The issues in the Red Sea and ships being attacked continue to re-direct many vessels away from the Suez Canal to take longer journeys around the Cape of Good Hope. This combined with ships in the gray market transporting Russian oil have led to a tight market for oil tankers. All this is keeping spot rates high.
FRO is clearly benefiting from current market dynamics, given its spot rate exposure. The company has also smartly bought some newer ships, while selling some of its oldest vessels.
The industry order book for VLCCs is minimal and manageable for Suezmaxes, although LR2 vessels could come under pressure as the overall size of the fleet will rise by over 20% this year. However, LR2 vessels are a smaller part of FRO's overall business.
Valuation
FRO trades at 6.5x the 2024 EBITDA of $1.29 billion. Based on 2025 EBITDA, it trades at 6.0x the $1.39 billion estimate.
On a PE basis, it trades at 7.4x EPS estimates of $3.31. Based on the 2025 consensus for EPS of $3.88, it trades at 6.1x.
FRO stock trades towards the higher end of other marine shipping companies.
The price of 5-year-old VLCCs has been on the rise, with Clarkson now valuing them at around $111 million. Second-hand Suezmaxes are cheaper, valued at about $85 million, and Aframaxes are at around $70 million or more.

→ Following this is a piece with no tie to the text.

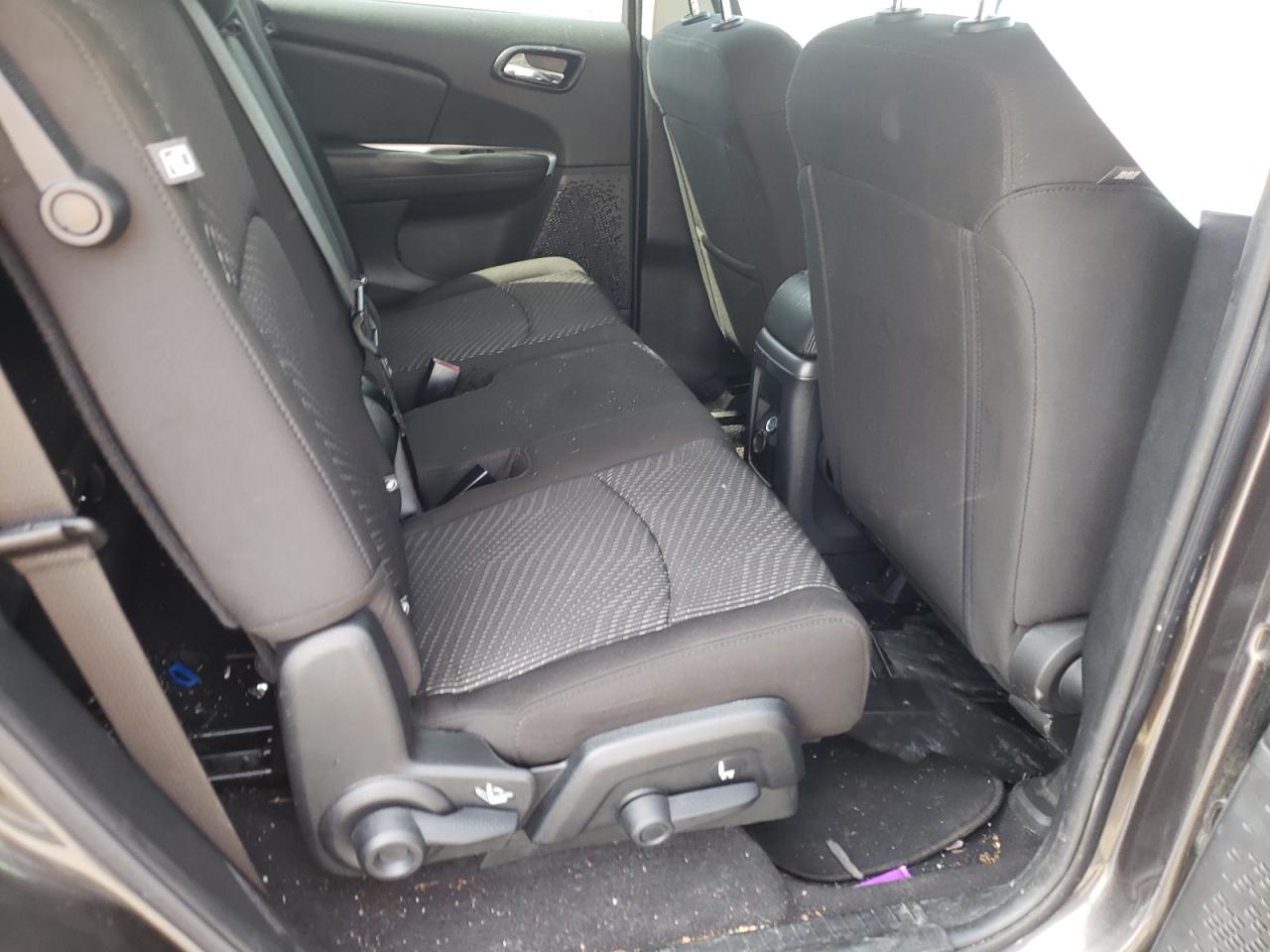 Photo 6 from auction – 2020 DODGE JOURNEY SE with VIN 3C4PDCAB3LT182501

That would value its fleet at about $19.50 per share, considering its recent sales and the $504.4 million it drew on its facility to add the vessels in January and the $100 million it needs to pay for the last vessel.
This is much higher than the $14 per share I last pegged the value of its fleet. This is in part due to higher vessel prices. However, the biggest difference it that company's debt went up much less than I anticipated from the acquisition.
Conclusion
FRO continues to operate in an attractive environment for tanker operators. This is likely to continue until the issues in the Red Sea clear up and vessels routes return more to normal. When that actually happens though is very uncertain.

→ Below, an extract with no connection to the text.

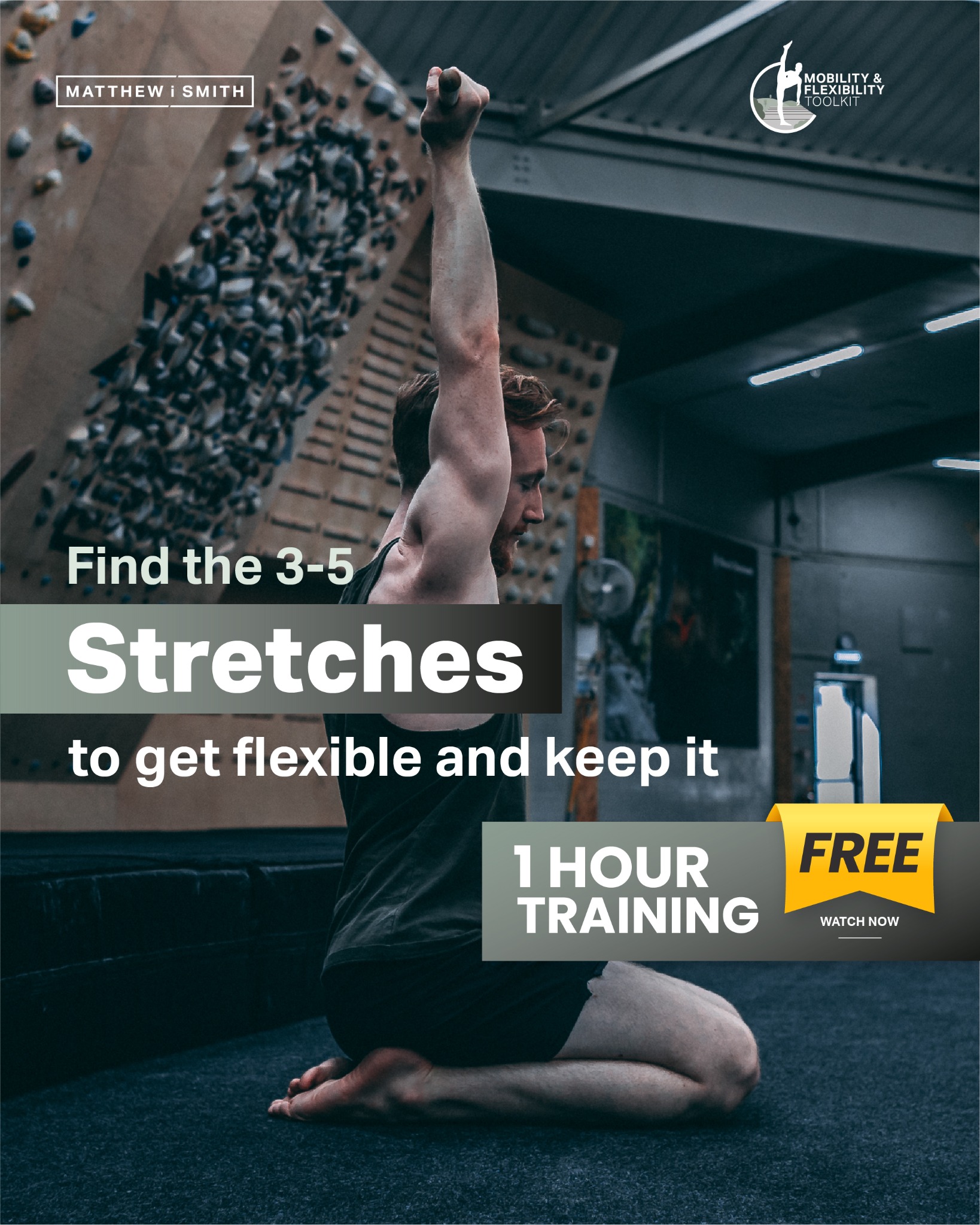 Matthewismith Facebook ad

At this time, investors can enjoy the ride with FRO. However, I do think there is a cap on where both vessel prices and the stock can go from here. As such, I continue to rate the stock a "Hold." My target range is between $20-24.
When looking at risk to the downside, lower spot rates, which could be caused by economic weakness or an improvement in the Red Sea, is one risk. In the past, a cure to high shipping rates has always been more ships, so over-ordering is another risk.
On the upside, any more global disputations to ocean-based shipping or an improvement in oil consumption could be a boost to the stock.